The bright sun makes it look like a snow scene but it is just the angle of the sun and the sparse but tenacious trees at these high altitudes.
There are lakes along the way with a brilliant blue colouration. You would soon get blue too - the water is freezing!
But it is very picturesque, and so still. When we came before in August there were thousands of people here, now it is almost empty. Many of the campsites are closed and snow will come within a few weeks, closing this road for the winter season.
This is Tuolomne Meadows which is one of the main attractions in the season with a huge campsite and visitor centre, both now closed. It will soon become a haunt of elk as the humans disappear.
More lakes just as we reach Tioga Pass and before we start the long drop down (about 5000ft).
By now it was getting late in the afternoon which starts to bring out the shadows on the cliff faces making them much more photogenic.
Jan took a lot of shots of the road going down.

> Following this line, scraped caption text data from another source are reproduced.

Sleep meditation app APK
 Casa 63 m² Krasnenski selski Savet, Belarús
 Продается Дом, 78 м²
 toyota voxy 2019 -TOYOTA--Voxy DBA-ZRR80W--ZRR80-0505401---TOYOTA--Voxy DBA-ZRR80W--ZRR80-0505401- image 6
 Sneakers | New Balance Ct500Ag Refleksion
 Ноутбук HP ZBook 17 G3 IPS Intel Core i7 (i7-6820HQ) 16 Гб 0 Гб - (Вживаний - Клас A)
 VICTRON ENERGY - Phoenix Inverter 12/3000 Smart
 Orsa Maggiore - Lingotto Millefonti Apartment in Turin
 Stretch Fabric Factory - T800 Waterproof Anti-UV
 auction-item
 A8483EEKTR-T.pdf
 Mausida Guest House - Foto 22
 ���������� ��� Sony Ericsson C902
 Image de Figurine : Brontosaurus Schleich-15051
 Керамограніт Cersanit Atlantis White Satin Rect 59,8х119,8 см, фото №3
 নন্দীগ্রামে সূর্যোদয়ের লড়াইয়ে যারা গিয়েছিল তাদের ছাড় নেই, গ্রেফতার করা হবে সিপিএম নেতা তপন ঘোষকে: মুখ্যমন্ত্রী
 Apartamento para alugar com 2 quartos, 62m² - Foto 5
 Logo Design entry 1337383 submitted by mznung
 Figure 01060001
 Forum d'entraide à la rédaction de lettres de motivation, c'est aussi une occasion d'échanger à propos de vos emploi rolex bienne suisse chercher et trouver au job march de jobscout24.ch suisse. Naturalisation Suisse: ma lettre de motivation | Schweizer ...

It is actually a very good road with a steady slope and is well engineered. It's just that there is 17 miles of it! The tiny cars just visible on the road are some more of the classic cars we had seen the day before.
And so back to Mono Lake. I keep trying to photograph this lake and keep failing. I guess you just have to catch the weather and the light exactly right. Then perhaps there won't be so much haze in the atmosphere.
So we turned south to carry on where we had left off. We were heading for Death Valley but Mammoth Lakes was as far as we would make tonight.